El sacerdote levantó una mano y tocó ligeramente el pecho de Kinverson; y Kinverson pareció disolverse bajo aquel contacto. Retrocedió aturdido y dejó caer el brazo a un lado. Sundria se le acercó y le quitó el arpón. Kinverson no pareció notarlo.

Lawler miró al hombre que estaba en el agua. Gharkid —¿o era la Faz quien les hablaba a través de lo que había sido Gharkid?— los estaba llamando, pidiéndoles que fueran a la isla. Ahora Lawler sentía en serio aquella fuerza que lo arrastraba, no había duda; tampoco era una ilusión, sino una firme e inconfundible orden que llegaba en oleadas fuertemente palpitantes; le recordaba las resacas que se arremolinaban en la bahía de Sorve cuando estaba nadando. Había sido capaz de vencer con bastante facilidad las resacas, pero se preguntaba hasta qué punto sería capaz de vencer aquélla. Le tiraba de las raíces del alma.

Percibió la respiración agitada de Sundria, muy cerca de su espalda. Tenía la cara pálida y sus ojos brillaban de miedo; pero la mandíbula estaba apretada. Estaba decidida a mantenerse firme ante aquella llamada misteriosa.

«Venid a mí», decía Gharkid. «Venid a mí, venid a mí». La suave voz de Gharkid. Pero era la Faz quien les hablaba. Lawler estaba seguro de ello: una isla que hablaba seductoramente, prometiéndoselos todo, todo en una palabra. Solamente «venid». Solamente «venid».

—¡Ya voy! —gritó repentinamente Lis Niklaus—. ¡Espérame!¡Ya voy!

Estaba a media cubierta, en trance cerca de un mástil, con los ojos en blanco, y avanzaba con paso inseguro hacia la barandilla, arrastrando los pies sin despegarlos del piso.
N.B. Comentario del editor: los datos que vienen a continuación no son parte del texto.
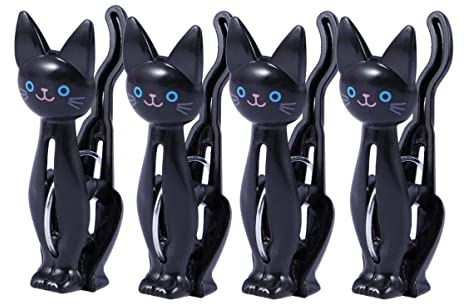 BESPORTBLE Bag Clips Bag Clips Cat-Shaped, 4Pcs Cat Chip for Food Storage, Snack and Chips - Cartoon Clothes Household Sealing Clothespins
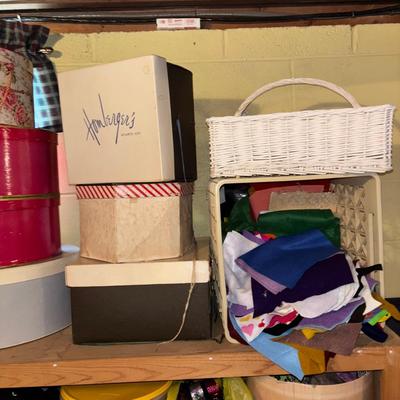 LOT 383: Triple X Basement Shelf Cleanout: Vintage Hat Boxes, Crafting & Sewing Supplies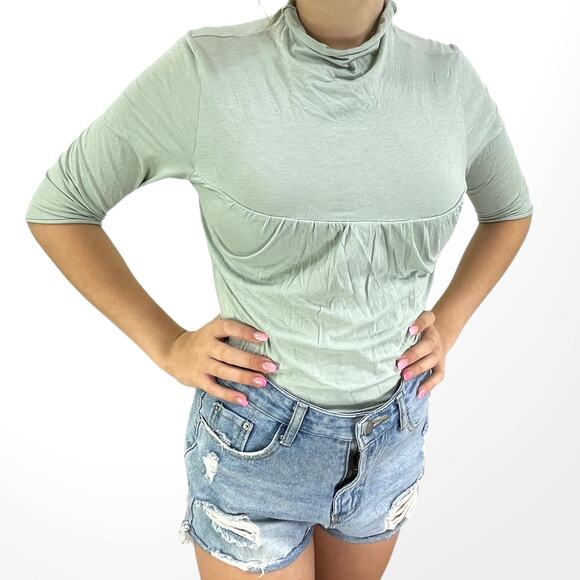 00s BEN AND LUCIA Vintage Green Mock Neck Half Sleeve Tunic - Picture 1 of 7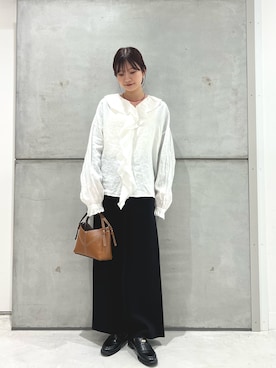 「SMELLY（スメリー）のステンレスカラービーズネックレス（ネックレス、レッド系）」を使った、yamakanaさん（レディース・163cm）の春コーディネート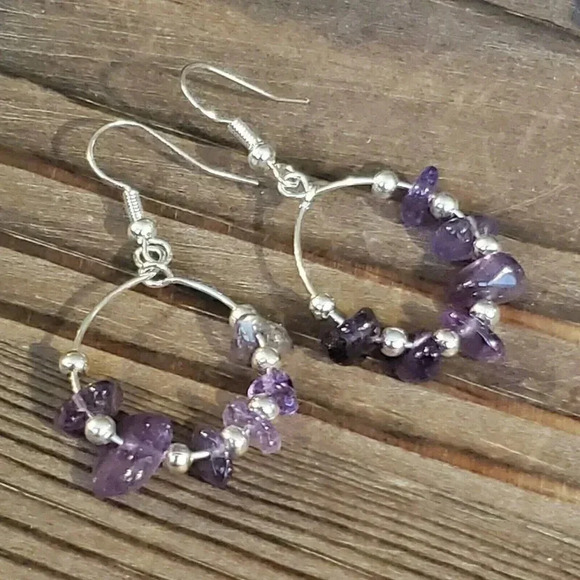 Hand Crafted Baroque Amethyst Gemstone Sterling Silver Plated Beads Earrings - Picture 6 of 7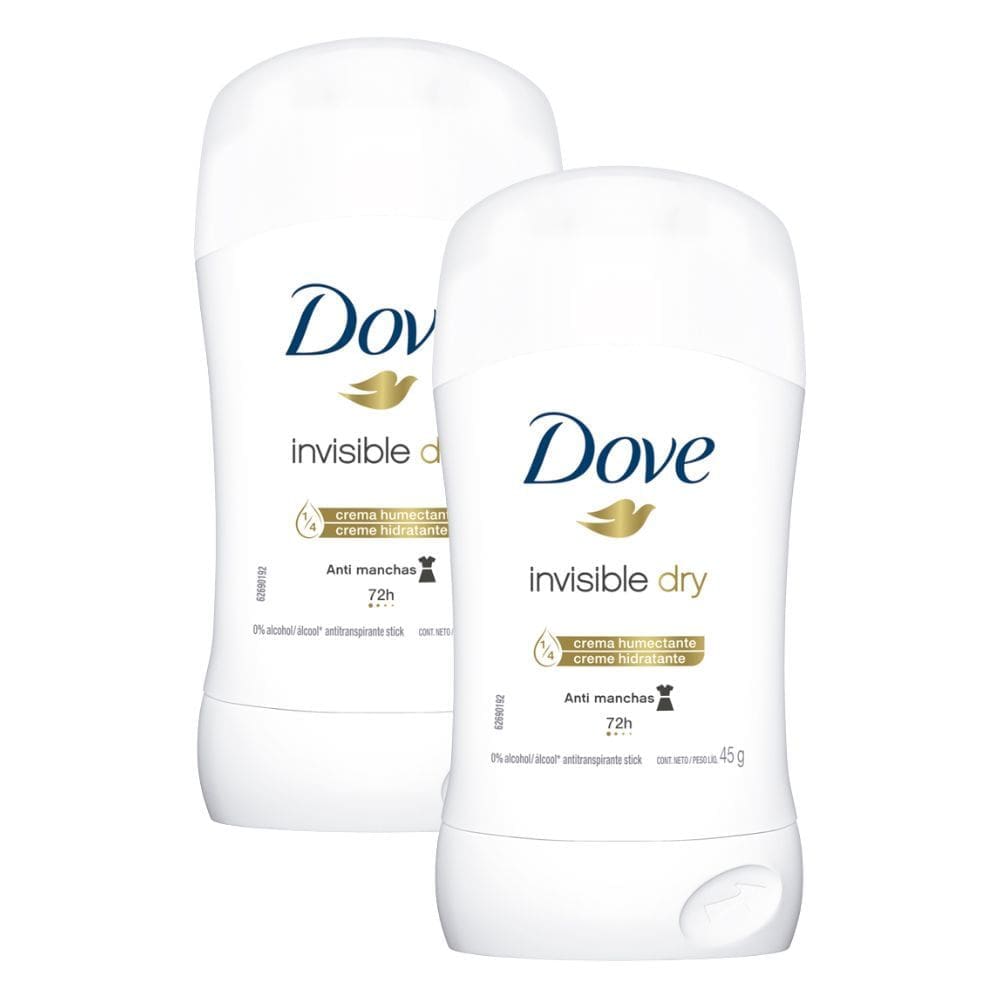 Kit 2 Desodorante Dove Invisible Dry Anti Manchas 72h Stick 45g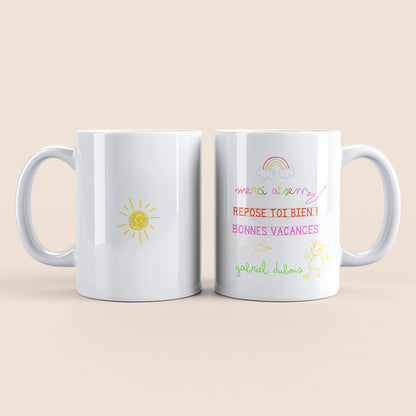 mug remerciement atsem garçon personnalisé avec dessin mignon et message repose-toi bien – anse à droite – souvenir de fin d’année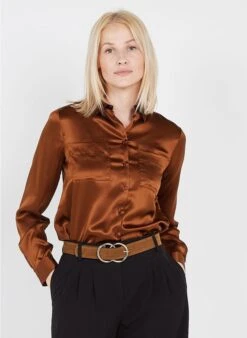 LA BULLE - Ceinture à Boucle En Cuir Velours | Marron -Vêtements-Soeur 3775032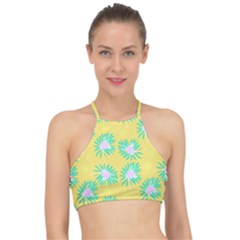 Mazipoodles Bold Daises Yellow Halter Bikini Top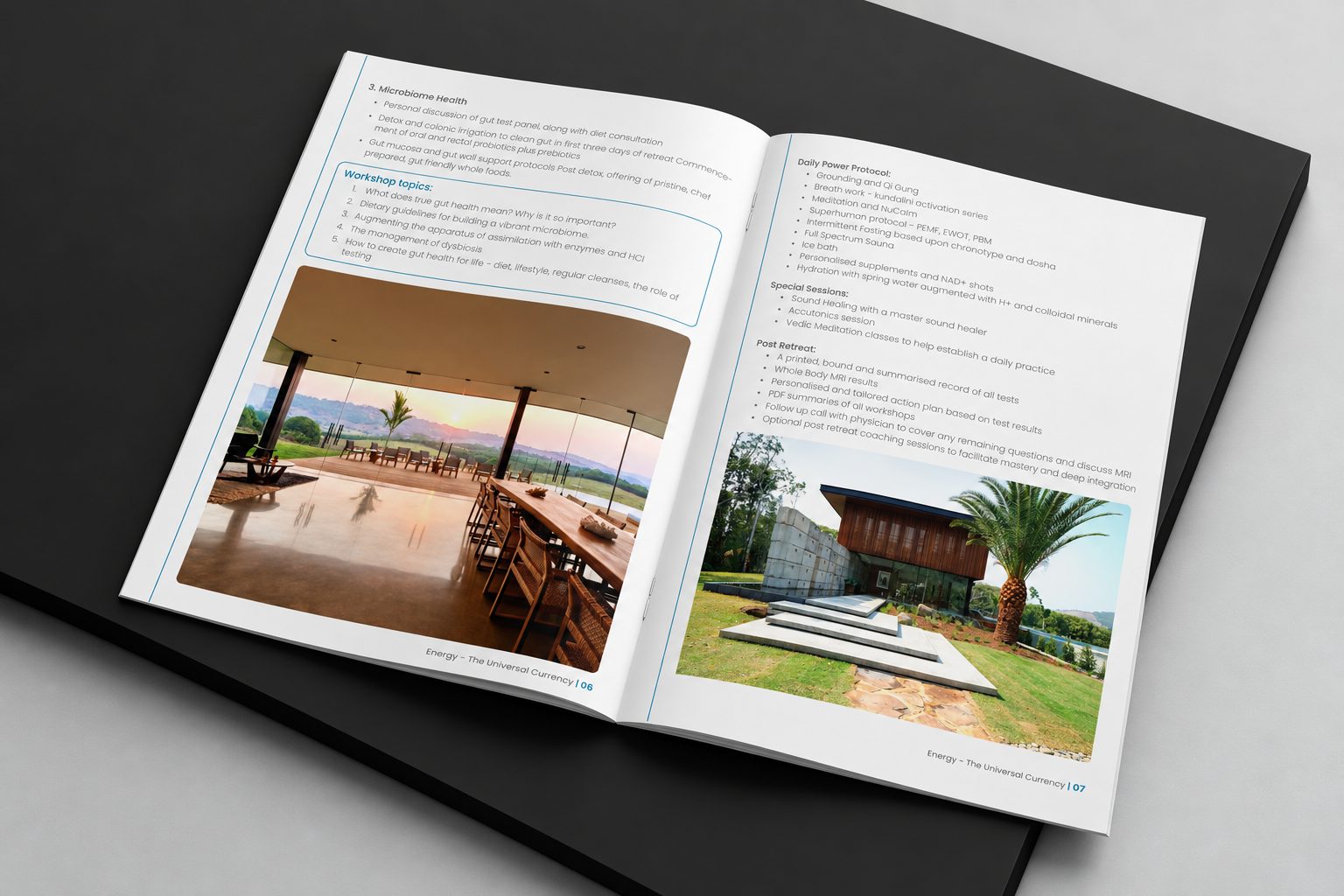 Spread with workshop topics, the daily protocol list and two retreat photographs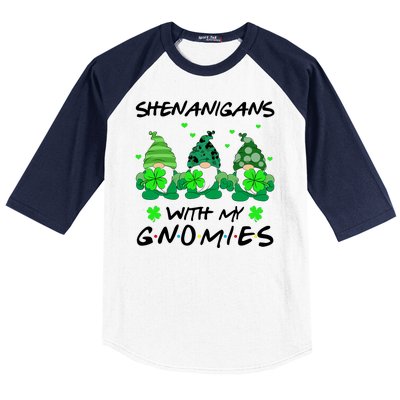 Shenanigans With My Gnomies Shamrock St Patricks Day Baseball Sleeve Shirt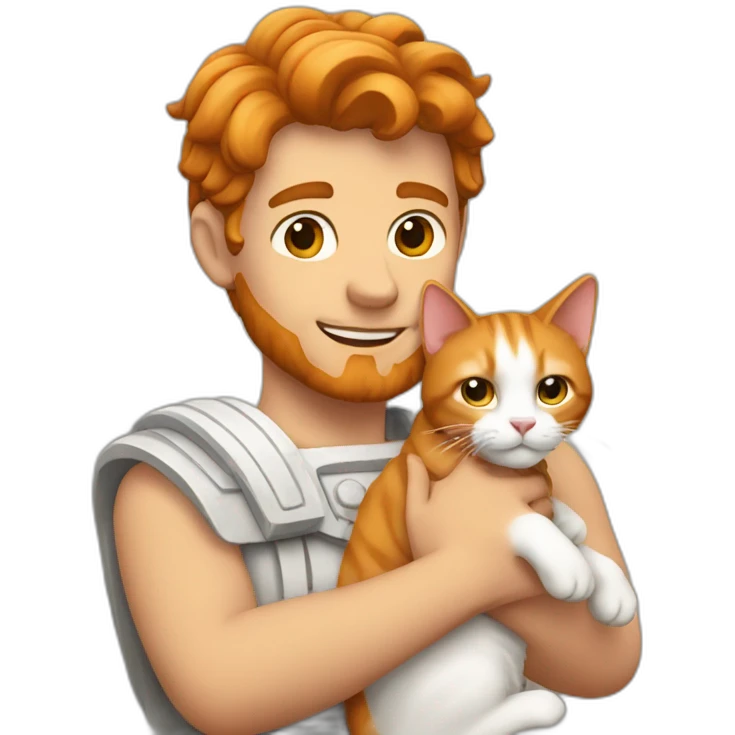 Roman with a Ginger white cat in the arms emoji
Delagard se volvió en redondo y le gritó que se detuviera, pero Lis continuó avanzando. Él lanzó una imprecación y echó a correr hacia ella. Alcanzó a la mujer justo cuando llegaba a la barandilla e intentó cogerla de un brazo.

Con una voz fría y feroz que Lawler apenas pudo reconocer, la mujer dijo:

—¡No, bastardo, no! ¡Mantente lejos de mí!

Empujó a Delagard, quien retrocedió tambaleándose por la cubierta, se estrelló contra las tablas y permaneció tendido sobre la espalda, mirándola con incredulidad. Parecía incapaz de levantarse. Un momento después Lis estaba sobre la barandilla, y se precipitaba en caída libre hacia el agua, donde aterrizó con un tremendo chapuzón luminoso.